Let’s start with an example of Adam sending 1 BTC to Maya. After Adam has entered the public address of Maya inside his bitcoin wallet and signed the transaction with his private key, the transaction will start its journey on the Bitcoin network. First, it will enter the waiting room of the Bitcoin network, better known as the “Bitcoin Mempool.” Bitcoin miners will collect transactions that are inside this mempool until they have enough to fill a data block of about 1MB.
A miner has now picked up the transaction that Adam sent. The computer adds the transaction, together with more than 1.000 other transactions, in a block and starts encrypting it. The structure of a block looks like this:
Adam’s transaction to Maya is added in the data section of the block. Other essential parts of a block are the timestamp, the hash key of the previous block, and the nonce. Now we are entering a bit more complicated matter, namely the nonce and the difficulty. And to understand these two, we will first explain how encryption works.
Encrypting is the process of changing data into random letters and numbers. When we take the SHA-256 encryption algorithm, any data size can be encrypted into a 64-character string of numbers and letters that seem completely random. But every time you change even one little bit, the whole output will change. Think of the encryption algorithm as a little machine where you can put a pizza in one end, after which the machine will output a paper with random letters and numbers on the other side. Below you will see how much the output changes after you change just one letter:
Now let’s talk about the difficulty. The difficulty is a parameter automatically set by the Bitcoin protocol. This parameter dictates how many zeroes the hash must start with before the protocol can accept it. After the miner encrypts the transaction data, he or she will get a hash key in return that will most likely not start with the right amount of zeroes. So the miner has to try again, but how does the miner change the output if they cannot change any transaction date? With the nonce!
A nonce is a simple number that a miner can change. So by changing the nonce from 1 to 2, the hash key will change based entirely on the encryption principle explained above. After changing the none to 2, the miner still didn’t find the correct hash, so they try again and change the nonce to 3. Sounds easy, right? Well, not really. Most modern bitcoin mining machines generate more than a trillion of these hash keys per second, and even then, the miner most likely won’t find the right key.
Bitcoin mining is a combination of hard work and a game of chance. Miners try to generate as many hash keys as possible, as fast as possible, which is why they need a lot of energy. Generating so many hash keys increases the chance that they find the hash key that starts with the right amount of zeroes.

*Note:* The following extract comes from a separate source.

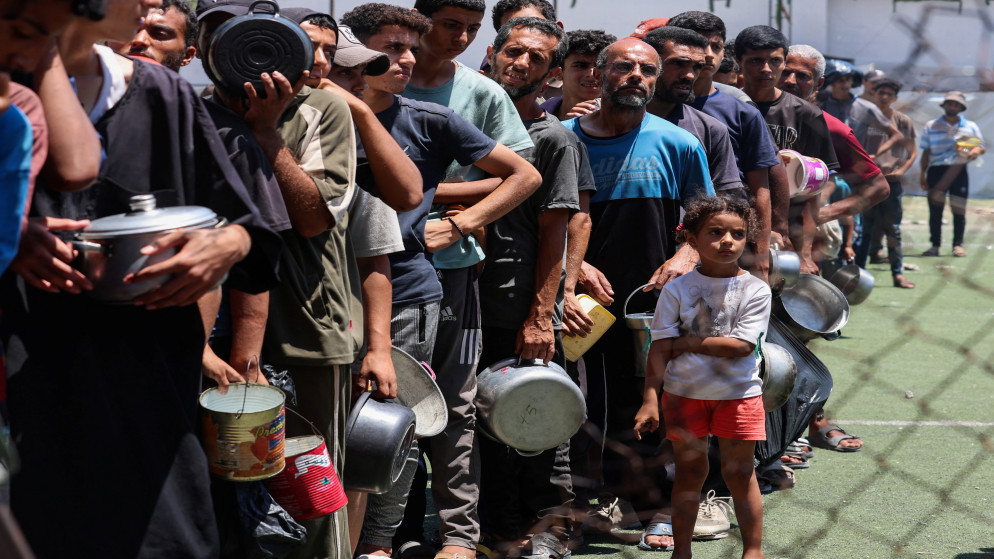 فلسطينيون يصطفون لتلقي الطعام من مطبخ خيري في النصيرات، وسط قطاع غزة، 20 تموز 2025. (رويترز)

Once the miner finds the correct hash, they share the block with the Bitcoin network. Thousands of nodes will check if everything is in order, and if the majority of the network accepts it, the block is added to the blockchain. As a final step, the miner receives their bitcoins!
The unbreakable chain
The miner has now successfully added the block with Adam’s transaction to the blockchain, and Maya will now have 1 BTC in her wallet. But why is it called a “blockchain”? That is because the block with Adam’s transaction is connected to the previous block as the last hash key is included in the new block (as you can see in the illustration of a Bitcoin block above). Miners will add a new block with transactions about every 10 minutes. So let’s say Adam wants his bitcoin back; he will need to do the following.
In this scenario, we assume that since Adam’s transaction, it has been 20 minutes, and thus there have already been two new blocks added to the blockchain. Suppose Adam wants to turn back his transaction. In that case, he will have to take the same data included in the block with his transaction, change his transaction, and redo the whole process the miner did already, changing the nonce and finding the correct hash key with the right amount of zeroes. But that’s not all.

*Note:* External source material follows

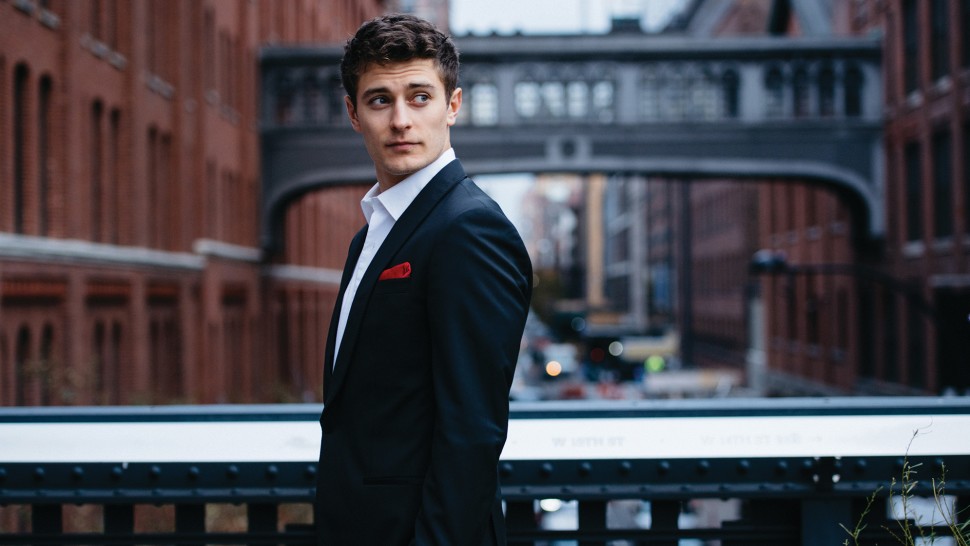 Jakub Józef Orliński standing outdoors on a walkway above traffic.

As already two new blocks have been added since the block Adam is trying to alter, he will also have to re-mine those two blocks as the hash of his block will change due to his alteration. With time going on while Adam is trying to mine as fast as possible, new blocks are being added every 10 minutes. The conclusion: it is almost impossible and economically unviable to change his transaction. It will cost Adam more electricity than the value of the bitcoin he is trying to get back.
The advantages of Bitcoin
Hopefully, you have room left in your brain for some extra information after all these technical details! What are the advantages of a network like this? Bitcoin lets anyone with a computer and internet connection send money anywhere in the world. It enables people to truly possess value digitally. And with that, we don’t mean like money in a bank account, more like having a bullion of gold under your pillow (comfort-wise not a good idea, by the way).
Bitcoins are born by the miners who receive them as a reward after successfully adding a block to the blockchain. The amount of bitcoins they receive, however, decreases over the years. This mechanism is inspired by how gold works: the more gold is extracted from the ground, the less there is left; thus, it becomes harder and harder to find new gold. Bitcoin follows the same principles meaning the cryptocurrency becomes scarcer over time. This is another advantage of Bitcoin as the value of 1 BTC will increase over time, assuming the demand on the market stays at least the same. For this reason, bitcoin has been the most successful investment ever and a real monetary revolution that will significantly impact our world.
People without bank accounts can finally participate in the economy without relying on sometimes corrupt governments and financial systems. People in the developed world can, on the other hand, put their money in a truly transparent, scarce, and liquid asset. Bitcoin will shape our future economy, and more and more people are starting to realize this!